The Sordid Tale Of Eddie Tipton And The Granddaddy Of All U.S. Lottery Scandals
For just a three-figure investment, former lottery security head Tipton was virtually assured of a seven-figure payout.
5 min
The 45 states with a legal lottery all have regulators in place whose job it is to ensure the integrity of the results, so that the public has faith in the system.
But since the modern era of American lotteries arrived a half-century ago, the industry has, on occasion, been the victim of fraud. The common denominator in most of these scandals? They turn out to be “inside jobs” perpetrated by some of the very people assigned to guarantee the randomness of the winning lottery numbers.
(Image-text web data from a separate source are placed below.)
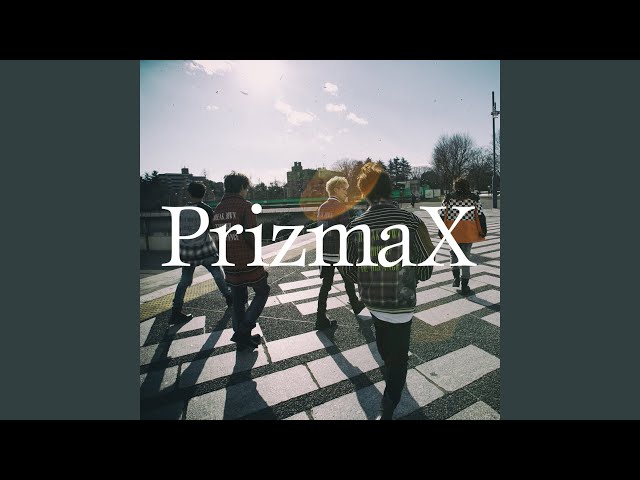 PrizmaX - My Girl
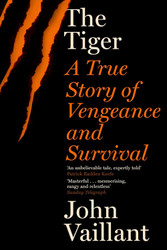 Tiger: A True Story of Vengeance and Survival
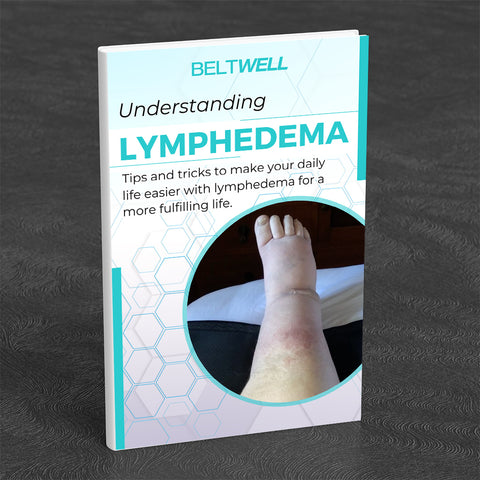 Beltwell® - The Ultimate Guide To Manage Lymphedema Symptoms Naturally (E-Book)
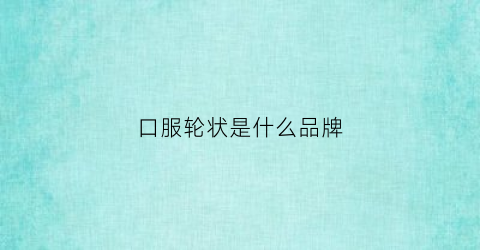 口服轮状是什么品牌(口服轮状是什么疫苗)
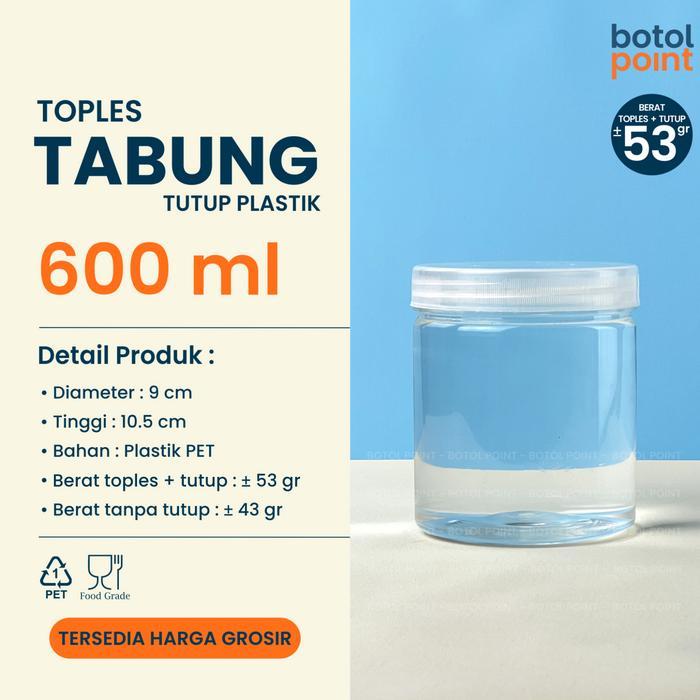 Toples Tabung 600 ml - TUTUP PLASTIK - Toples plastik 600ml GROSIR - Toples Kemasan Makanan, Hampers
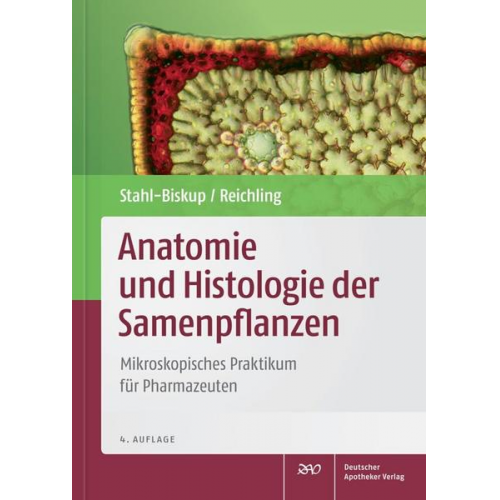 Elisabeth Stahl-Biskup & Jürgen Reichling - Anatomie und Histologie der Samenpflanzen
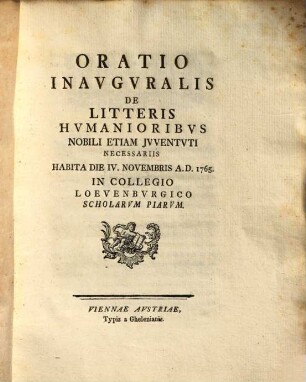 Oratio inauguralis de litteris humanioribus, nobili etiam iuventuti necessariis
And of all those frauds, the most memorable and melodramatic was pulled off — for a while — by none other than the head of the Multi-State Lottery Association’s (MUSL) information technology security team.
In fact, a book about the saga published in 2019 was titled The $80 Billion Gamble: The Inside Story of How a Suspicious Ticket, Hot Dogs, and Bigfoot Foiled the Biggest Lottery Fraud in U.S. History.
Eddie Tipton, who worked at the association’s office in the Des Moines, Iowa suburb of Urbandale, has said that after a comment made to him in 2005 by a naive co-worker (who was never accused of wrongdoing by authorities), “it was like a little seed that was planted.”
That “seed” was simply an observation that since Tipton wrote the software for the lottery association, the 41-year-old bachelor was in a position to improve his odds to a massive degree.
Just weeks later, Tipton decided to act on his golden opportunity. After some experimentation, Tipton realized he could reduce the 1-in-5-million odds of winning the $4.8 million jackpot in Colorado on Nov. 23, 2005 to just 1 in 200.
For just a three-figure investment — buying 200 tickets to cover all of the combinations that could possibly win — Tipton was virtually assured of a seven-figure payout.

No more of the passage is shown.